§ **WORK REQUEST**: All lines from the one with "Screenshot highlighting the" through the last line of the data below should be copied exactly; please add nothing.

§ **ENTRIES SUPPLIED**:
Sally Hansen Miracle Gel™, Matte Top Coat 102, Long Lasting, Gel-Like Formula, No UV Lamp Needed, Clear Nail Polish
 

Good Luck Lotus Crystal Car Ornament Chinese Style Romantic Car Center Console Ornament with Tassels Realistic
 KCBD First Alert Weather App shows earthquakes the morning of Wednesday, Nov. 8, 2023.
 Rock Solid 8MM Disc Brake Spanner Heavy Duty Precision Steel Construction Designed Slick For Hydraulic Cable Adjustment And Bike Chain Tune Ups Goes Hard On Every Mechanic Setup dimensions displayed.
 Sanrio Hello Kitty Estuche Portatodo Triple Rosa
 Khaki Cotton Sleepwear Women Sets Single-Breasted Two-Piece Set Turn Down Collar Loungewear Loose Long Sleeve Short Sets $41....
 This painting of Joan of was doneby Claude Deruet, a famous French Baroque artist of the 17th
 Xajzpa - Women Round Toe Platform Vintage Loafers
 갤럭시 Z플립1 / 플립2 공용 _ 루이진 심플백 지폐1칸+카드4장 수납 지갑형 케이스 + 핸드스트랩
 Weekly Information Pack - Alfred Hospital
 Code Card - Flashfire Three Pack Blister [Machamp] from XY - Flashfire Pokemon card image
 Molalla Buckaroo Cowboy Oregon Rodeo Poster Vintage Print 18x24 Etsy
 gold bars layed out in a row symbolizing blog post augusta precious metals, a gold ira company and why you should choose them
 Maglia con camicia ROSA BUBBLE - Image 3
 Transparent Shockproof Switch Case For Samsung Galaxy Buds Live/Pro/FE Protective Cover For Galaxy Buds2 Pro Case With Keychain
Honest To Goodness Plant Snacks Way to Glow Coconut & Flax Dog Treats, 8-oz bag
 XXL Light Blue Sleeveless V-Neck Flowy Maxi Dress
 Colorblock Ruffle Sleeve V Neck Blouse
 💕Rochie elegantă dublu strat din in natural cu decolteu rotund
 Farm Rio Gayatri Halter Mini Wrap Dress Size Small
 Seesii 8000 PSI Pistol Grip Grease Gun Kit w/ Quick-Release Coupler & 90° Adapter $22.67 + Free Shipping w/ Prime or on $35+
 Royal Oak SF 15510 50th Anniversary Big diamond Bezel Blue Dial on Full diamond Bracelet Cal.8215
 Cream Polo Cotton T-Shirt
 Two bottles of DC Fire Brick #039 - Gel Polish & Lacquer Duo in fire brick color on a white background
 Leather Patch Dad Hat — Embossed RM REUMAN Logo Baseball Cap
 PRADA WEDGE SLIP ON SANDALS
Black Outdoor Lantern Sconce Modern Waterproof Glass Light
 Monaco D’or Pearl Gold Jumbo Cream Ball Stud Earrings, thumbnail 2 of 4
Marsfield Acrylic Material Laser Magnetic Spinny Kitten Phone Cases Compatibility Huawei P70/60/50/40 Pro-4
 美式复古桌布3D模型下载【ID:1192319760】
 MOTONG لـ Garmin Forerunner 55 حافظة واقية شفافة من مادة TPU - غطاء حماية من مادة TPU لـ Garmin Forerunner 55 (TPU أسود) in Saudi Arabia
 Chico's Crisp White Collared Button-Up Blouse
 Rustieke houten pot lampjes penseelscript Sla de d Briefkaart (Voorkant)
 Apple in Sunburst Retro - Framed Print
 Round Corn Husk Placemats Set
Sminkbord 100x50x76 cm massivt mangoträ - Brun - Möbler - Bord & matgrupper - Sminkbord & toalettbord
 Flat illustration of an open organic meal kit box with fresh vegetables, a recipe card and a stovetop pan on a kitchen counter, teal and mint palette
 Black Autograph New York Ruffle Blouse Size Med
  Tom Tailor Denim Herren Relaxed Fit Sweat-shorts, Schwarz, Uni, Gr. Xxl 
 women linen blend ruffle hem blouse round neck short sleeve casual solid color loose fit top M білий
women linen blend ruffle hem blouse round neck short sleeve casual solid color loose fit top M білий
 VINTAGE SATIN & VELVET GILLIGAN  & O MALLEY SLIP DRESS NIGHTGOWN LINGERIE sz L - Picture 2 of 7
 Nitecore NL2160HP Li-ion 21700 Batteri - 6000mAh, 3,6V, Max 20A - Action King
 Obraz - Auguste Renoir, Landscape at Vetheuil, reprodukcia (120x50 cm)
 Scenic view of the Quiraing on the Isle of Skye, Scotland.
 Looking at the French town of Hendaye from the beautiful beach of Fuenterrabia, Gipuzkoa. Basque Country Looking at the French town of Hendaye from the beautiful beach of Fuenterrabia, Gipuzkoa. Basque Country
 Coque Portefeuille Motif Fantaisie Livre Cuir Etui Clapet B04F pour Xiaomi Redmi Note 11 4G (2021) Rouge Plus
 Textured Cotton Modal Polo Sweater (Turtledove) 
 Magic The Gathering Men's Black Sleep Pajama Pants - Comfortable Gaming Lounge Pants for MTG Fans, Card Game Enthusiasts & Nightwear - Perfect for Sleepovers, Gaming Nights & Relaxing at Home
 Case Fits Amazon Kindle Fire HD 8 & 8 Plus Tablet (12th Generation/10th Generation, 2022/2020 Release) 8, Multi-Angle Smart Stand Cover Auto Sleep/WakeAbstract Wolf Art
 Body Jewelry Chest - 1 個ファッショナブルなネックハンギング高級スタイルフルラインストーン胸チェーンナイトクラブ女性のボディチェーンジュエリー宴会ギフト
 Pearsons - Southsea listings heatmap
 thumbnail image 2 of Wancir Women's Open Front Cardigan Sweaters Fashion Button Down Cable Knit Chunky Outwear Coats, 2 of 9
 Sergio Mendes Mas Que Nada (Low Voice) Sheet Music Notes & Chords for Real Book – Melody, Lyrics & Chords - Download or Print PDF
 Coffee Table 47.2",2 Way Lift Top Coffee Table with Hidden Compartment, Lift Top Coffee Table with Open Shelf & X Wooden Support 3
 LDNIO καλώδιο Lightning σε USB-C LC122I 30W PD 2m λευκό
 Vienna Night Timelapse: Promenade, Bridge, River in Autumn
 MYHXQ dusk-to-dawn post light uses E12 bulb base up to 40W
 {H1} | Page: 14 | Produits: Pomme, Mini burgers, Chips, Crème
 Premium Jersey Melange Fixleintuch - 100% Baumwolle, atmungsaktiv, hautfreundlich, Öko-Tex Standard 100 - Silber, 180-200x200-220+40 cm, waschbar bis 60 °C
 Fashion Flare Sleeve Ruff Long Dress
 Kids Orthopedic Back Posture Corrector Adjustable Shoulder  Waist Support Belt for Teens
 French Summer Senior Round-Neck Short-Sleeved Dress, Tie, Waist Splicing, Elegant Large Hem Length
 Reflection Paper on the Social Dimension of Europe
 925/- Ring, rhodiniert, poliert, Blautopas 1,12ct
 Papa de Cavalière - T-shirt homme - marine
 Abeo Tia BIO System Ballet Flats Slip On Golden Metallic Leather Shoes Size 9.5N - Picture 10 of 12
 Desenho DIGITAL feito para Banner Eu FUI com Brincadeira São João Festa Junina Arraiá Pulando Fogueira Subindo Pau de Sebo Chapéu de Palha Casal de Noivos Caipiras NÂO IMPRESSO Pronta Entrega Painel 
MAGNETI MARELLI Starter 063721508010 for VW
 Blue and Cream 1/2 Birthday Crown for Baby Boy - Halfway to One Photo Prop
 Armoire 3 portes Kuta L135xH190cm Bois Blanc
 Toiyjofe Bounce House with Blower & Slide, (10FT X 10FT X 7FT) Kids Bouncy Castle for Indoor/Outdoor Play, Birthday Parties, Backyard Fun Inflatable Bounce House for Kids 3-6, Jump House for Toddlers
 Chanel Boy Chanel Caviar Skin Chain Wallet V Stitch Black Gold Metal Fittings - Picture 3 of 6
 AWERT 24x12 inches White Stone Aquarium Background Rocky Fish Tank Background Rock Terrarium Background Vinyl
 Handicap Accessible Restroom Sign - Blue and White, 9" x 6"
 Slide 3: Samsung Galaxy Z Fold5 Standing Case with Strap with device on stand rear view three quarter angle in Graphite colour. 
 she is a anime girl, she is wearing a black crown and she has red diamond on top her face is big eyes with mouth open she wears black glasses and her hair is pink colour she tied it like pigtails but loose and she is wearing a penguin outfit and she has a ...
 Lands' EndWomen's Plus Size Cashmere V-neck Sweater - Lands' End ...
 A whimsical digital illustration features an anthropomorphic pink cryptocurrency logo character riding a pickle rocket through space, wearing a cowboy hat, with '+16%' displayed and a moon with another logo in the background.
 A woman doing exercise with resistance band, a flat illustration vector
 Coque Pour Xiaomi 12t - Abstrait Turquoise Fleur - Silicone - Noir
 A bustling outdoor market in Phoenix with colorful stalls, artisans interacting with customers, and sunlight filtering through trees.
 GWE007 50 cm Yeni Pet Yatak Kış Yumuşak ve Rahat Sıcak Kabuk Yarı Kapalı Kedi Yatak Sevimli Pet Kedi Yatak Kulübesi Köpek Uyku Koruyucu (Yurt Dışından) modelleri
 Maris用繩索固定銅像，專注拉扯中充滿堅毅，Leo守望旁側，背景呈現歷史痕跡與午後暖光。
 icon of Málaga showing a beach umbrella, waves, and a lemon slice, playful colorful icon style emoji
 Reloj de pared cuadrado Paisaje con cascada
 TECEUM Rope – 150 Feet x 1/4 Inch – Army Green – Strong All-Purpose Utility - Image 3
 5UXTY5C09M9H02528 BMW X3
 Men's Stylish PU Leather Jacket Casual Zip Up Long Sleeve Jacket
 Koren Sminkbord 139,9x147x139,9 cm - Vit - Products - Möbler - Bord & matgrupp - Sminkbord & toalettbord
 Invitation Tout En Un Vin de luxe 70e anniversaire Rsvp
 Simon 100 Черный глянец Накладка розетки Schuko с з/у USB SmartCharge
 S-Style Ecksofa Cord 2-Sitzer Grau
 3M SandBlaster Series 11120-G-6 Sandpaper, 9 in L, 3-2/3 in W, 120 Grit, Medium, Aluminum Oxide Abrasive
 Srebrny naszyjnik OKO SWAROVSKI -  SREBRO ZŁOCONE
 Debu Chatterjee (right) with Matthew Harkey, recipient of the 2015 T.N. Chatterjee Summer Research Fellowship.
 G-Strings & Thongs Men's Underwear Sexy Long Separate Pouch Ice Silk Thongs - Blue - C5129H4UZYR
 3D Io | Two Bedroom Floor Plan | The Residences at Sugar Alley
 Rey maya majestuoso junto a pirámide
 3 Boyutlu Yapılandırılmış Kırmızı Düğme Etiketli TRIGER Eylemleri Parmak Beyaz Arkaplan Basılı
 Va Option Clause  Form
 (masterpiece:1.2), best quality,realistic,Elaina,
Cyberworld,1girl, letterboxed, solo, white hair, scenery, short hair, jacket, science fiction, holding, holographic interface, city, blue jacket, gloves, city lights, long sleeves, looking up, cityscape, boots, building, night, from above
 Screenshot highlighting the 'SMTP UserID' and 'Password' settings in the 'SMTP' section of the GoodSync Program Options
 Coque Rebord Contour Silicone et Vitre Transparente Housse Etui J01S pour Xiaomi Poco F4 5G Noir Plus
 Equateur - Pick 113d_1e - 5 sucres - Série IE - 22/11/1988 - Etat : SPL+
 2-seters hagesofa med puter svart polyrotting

§ **RESULT**:
 Screenshot highlighting the 'SMTP UserID' and 'Password' settings in the 'SMTP' section of the GoodSync Program Options
 Coque Rebord Contour Silicone et Vitre Transparente Housse Etui J01S pour Xiaomi Poco F4 5G Noir Plus
 Equateur - Pick 113d_1e - 5 sucres - Série IE - 22/11/1988 - Etat : SPL+
 2-seters hagesofa med puter svart polyrotting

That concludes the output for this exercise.